Perhaps mostly thanks to the HTML5 <video> tag there's renewed interest in free video codecs. The two best known free video codecs would be Dirac and Theora. And when it comes to Theora sooner or later there's the "so, how good is it?" question. Some claim it's bad, others will say it's the best thing ever.

The FOMS mailing list archive is non-public, so I'll just copy & paste what I wrote on that topic:

Well, depending on where you come from you reach different conclusions - e.g. that *all* those mentioned codecs [H.261, H.263, H.264 and Theora] are in fact old technology. They're all DCT based codecs with block based motion compensation with different levels of sophistication to squeeze some more compression out of the same basic scheme, which dates back to the 1980ies.

As for Theora, I feel people like to confuse Theora (the reference implementation as shipped in alpha and beta versions) and Theora (the bitstream specification). The current reference implementation in terms of coding efficiently is (from my evaluations, which were not conducted in a scientific way, so anyone can trust or distrust my findings) superior to H.261 and/or MPEG-1. It is somewhere in the same league as H.263 and/or MPEG-4 Part 2, with robust and well-tuned MPEG-4 Part 2 encoders (e.g. XviD) beating Theora. There are different sweetspots (for example I tend to think Theora does sorta catch up at low bitrates as it doesn't tend to get too blocky) but in general good MPEG-4 Part 2 encoders are more polished. H.264/MPEG-4 Part 10 is yet another notch better. It doesn't do miracles, but it's pretty nice and the most powerful video compression scheme currently available.
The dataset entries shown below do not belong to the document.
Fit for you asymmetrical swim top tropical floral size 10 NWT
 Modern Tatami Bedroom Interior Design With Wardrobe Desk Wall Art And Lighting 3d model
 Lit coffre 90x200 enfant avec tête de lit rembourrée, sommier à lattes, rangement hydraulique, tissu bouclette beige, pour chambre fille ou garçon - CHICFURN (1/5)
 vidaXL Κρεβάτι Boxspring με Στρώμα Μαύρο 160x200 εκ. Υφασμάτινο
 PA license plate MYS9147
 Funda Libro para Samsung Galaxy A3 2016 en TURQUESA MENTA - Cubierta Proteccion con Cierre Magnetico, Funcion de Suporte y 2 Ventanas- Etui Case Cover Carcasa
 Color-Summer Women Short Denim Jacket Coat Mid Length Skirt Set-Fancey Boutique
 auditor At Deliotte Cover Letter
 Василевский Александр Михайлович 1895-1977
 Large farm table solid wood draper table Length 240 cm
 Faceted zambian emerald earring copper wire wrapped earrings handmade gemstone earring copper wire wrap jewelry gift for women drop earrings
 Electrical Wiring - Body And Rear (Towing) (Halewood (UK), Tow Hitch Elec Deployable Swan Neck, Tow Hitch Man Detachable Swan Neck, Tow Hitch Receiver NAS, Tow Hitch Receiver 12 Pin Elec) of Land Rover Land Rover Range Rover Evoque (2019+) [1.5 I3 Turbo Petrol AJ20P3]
Now, comparing bitstream features I don't see why Theora wouldn't be able to catch up with the best MPEG-4 Part 2 encoders. In fact, it has a few (as of now unused) tricks which may make a nice difference.

As for the comparison with H.264 I'll leave that to the more experienced coders [what I meant to say: People with more experience in coding technology]. I feel that Theora overall is the "lighter" format, being able to deliver good quality at modest computational complexity, while some feel that H.264's complexity isn't always justified by the gains in compression efficiency. H.264 seems to have more headroom overall, though.

As for VP3 being "old technology" because of VP6 and VP7 being there: Although this suggests VP3 is three or four generations behind it seems that in fact On2 just released finer tunings of "the same theme" at a regular intervals. VP4 is not a new "generation" over VP3. It appears to be a better tuned and rearranged VP3 (in the doom9 codec shootouts VP4 did mostly show the same strengths and weaknesses as VP3, but an overall  a tad-bit better tuning). I'd guess VP3 to VP7 would roughly be equivalent to the transition of H.263 to H.264, but with more evolutionary steps in between (after all every new iteration of On2's technology will bring new licensing income).

That'd be similar to DivX. Version 3.11 was a hacked MPEG-4 Part 2 derivate, Verion 4 a "proper" MPEG-4 Part 2 codec and the now current version 6.8 is.... still MPEG-4 Part 2. Still of course each version improved in quality - and XviD (also MPEG-4 Part 2) is considered to be even better and remains competetive to the "new" H.264 generation depending on what you're searching for. When VP3 was released it was competetive with the MPEG-4 Part 2 of those days (there was mostly just DivX 3.11 and/or the rather lousy DivX 4), but while the MPEG-4 Part 2 encoders improved (without changing the bitstream!) Theora up to this day is still using the ca. 1999 VP3 encoder without major changes. Work is underway to change just that, but as of now the outdated VP3/Theora encoder (which has plenty of well-identified implementation weaknesses)  continues to distract from what Theora as a format is capable of.

Thus, in my opinion, deducing that a "new generation" of bitstreams automatically outclasses "previous generation" bitstreams can be misleading.

So yeah, I think that Theora can be pretty valuable codec, provided the encoder receives some attention. It's not a secret that there's a new encoder under development (Thusnelda). We'll see how big the actual improvements are once the new encoder is ready - I have big confidence that Theora quality will be noticably better, but until then people of course have every right to remain sceptical.